• PROBLEM DETAILS: In the records below, begin at the line that has "Large Rectangular Italian" and stop after the line that has "Dock Fee Yacht"; quote those lines verbatim and nothing more.
=== DATA SUPPLIED ===
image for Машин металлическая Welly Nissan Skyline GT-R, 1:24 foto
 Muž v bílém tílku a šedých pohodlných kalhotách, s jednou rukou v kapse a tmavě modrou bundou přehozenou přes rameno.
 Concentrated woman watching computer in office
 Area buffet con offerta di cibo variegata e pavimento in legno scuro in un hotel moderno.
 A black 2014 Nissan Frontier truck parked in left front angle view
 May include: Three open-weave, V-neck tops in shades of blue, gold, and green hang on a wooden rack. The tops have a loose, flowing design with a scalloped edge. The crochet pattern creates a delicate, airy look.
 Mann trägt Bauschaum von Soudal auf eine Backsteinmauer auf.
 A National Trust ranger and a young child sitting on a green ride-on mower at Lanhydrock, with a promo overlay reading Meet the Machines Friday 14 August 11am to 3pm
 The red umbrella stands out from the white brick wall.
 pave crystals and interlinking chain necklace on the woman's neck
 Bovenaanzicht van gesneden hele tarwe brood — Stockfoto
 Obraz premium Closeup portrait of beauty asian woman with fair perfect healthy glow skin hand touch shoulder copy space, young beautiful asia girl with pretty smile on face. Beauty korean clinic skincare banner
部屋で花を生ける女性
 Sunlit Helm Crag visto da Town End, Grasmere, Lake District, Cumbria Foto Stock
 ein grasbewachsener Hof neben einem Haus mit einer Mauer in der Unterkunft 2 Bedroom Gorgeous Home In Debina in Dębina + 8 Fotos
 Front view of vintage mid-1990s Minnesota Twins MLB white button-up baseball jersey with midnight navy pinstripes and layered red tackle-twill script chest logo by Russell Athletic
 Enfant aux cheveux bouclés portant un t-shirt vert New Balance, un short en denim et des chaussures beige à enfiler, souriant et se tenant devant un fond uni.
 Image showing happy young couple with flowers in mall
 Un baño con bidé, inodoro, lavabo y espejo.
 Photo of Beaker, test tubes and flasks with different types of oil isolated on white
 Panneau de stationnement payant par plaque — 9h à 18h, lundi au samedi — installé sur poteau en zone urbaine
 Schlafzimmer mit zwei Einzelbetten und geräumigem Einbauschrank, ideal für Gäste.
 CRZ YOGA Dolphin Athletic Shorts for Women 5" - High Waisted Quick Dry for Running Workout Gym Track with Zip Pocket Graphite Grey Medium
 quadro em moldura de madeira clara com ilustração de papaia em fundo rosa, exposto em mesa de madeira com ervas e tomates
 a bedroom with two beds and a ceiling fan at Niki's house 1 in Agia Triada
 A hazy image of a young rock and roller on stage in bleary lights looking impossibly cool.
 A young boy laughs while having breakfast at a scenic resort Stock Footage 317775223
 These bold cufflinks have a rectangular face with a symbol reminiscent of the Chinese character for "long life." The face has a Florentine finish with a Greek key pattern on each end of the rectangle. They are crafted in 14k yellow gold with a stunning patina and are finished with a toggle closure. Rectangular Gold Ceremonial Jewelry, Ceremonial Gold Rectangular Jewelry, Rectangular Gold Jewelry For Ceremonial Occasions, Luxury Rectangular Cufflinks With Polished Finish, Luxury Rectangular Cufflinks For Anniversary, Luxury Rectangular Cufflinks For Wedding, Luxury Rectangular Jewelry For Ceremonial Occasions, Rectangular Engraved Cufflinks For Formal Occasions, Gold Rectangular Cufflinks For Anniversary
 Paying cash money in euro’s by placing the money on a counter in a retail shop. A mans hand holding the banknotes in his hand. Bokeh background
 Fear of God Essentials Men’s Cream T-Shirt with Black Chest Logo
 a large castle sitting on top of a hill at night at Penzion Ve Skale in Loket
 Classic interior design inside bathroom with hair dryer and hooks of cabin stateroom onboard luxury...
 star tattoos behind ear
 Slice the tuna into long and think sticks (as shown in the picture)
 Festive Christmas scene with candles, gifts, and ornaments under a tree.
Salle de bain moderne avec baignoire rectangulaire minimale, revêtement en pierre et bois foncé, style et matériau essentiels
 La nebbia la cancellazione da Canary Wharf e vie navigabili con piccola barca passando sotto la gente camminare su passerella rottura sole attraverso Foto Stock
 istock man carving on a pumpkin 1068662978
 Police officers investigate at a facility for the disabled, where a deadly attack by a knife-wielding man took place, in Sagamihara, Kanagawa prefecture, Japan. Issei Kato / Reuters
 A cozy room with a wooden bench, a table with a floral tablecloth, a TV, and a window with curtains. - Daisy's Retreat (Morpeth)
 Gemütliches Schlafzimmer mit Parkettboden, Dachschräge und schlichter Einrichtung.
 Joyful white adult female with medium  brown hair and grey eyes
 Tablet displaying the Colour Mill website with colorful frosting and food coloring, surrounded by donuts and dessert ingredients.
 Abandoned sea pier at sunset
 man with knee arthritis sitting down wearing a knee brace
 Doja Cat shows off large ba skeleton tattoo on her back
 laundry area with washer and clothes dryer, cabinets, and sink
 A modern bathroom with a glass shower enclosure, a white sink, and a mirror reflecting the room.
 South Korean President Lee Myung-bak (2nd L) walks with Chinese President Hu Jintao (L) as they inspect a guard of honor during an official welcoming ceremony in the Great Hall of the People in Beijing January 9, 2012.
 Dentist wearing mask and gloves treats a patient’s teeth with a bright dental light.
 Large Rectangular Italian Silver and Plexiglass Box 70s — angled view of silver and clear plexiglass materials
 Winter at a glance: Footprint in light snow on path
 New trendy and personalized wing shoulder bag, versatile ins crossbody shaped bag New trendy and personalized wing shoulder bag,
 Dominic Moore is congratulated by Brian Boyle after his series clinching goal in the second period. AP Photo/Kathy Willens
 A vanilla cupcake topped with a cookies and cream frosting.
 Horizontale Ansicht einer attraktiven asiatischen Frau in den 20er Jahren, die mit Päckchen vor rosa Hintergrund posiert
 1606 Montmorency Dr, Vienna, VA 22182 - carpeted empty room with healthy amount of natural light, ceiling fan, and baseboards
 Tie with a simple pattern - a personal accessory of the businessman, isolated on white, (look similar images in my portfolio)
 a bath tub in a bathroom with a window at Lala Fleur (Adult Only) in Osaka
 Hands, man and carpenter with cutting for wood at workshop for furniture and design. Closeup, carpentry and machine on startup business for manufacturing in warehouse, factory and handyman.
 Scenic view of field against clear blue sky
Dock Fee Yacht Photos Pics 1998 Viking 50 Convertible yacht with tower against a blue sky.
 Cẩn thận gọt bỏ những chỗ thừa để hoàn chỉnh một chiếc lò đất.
===
• RESPONSE BOX:
 Large Rectangular Italian Silver and Plexiglass Box 70s — angled view of silver and clear plexiglass materials
 Winter at a glance: Footprint in light snow on path
 New trendy and personalized wing shoulder bag, versatile ins crossbody shaped bag New trendy and personalized wing shoulder bag,
 Dominic Moore is congratulated by Brian Boyle after his series clinching goal in the second period. AP Photo/Kathy Willens
 A vanilla cupcake topped with a cookies and cream frosting.
 Horizontale Ansicht einer attraktiven asiatischen Frau in den 20er Jahren, die mit Päckchen vor rosa Hintergrund posiert
 1606 Montmorency Dr, Vienna, VA 22182 - carpeted empty room with healthy amount of natural light, ceiling fan, and baseboards
 Tie with a simple pattern - a personal accessory of the businessman, isolated on white, (look similar images in my portfolio)
 a bath tub in a bathroom with a window at Lala Fleur (Adult Only) in Osaka
 Hands, man and carpenter with cutting for wood at workshop for furniture and design. Closeup, carpentry and machine on startup business for manufacturing in warehouse, factory and handyman.
 Scenic view of field against clear blue sky
Dock Fee Yacht Photos Pics 1998 Viking 50 Convertible yacht with tower against a blue sky.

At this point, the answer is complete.